WHAT YOU WILL DO
Repeat the data exactly, please; no pictures belong in the copy.

RAW DATA
┄┄┄┄┄┄┄┄┄┄
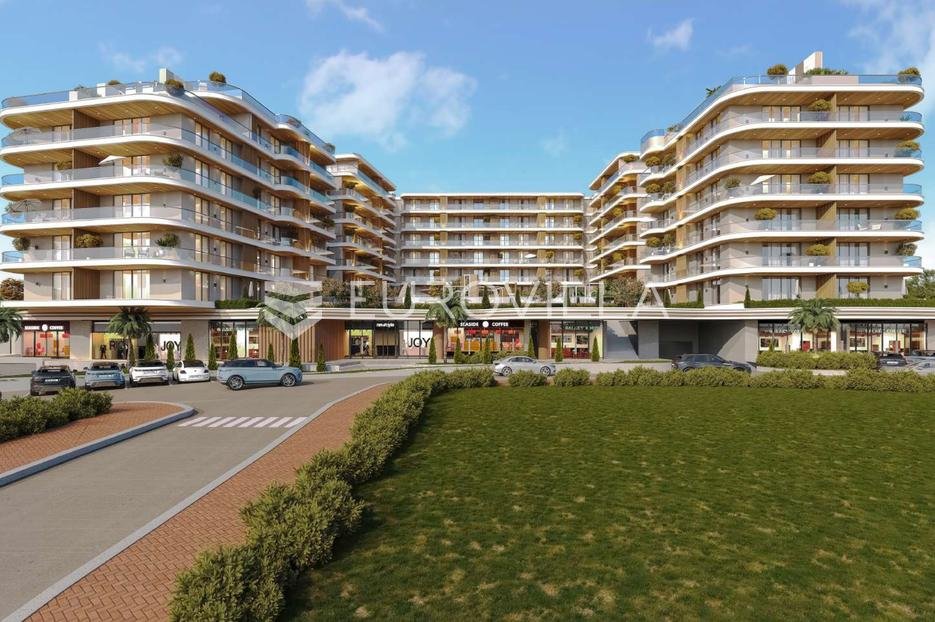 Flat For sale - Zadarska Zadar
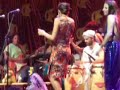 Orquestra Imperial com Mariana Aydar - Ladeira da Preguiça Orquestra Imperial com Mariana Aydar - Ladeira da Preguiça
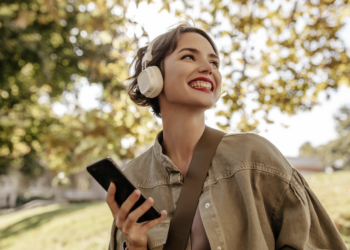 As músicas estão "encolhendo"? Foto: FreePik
┄┄┄┄┄┄┄┄┄┄
EXERCISE OUTPUT
 Flat For sale - Zadarska Zadar
 Orquestra Imperial com Mariana Aydar - Ladeira da Preguiça Orquestra Imperial com Mariana Aydar - Ladeira da Preguiça
 As músicas estão "encolhendo"? Foto: FreePik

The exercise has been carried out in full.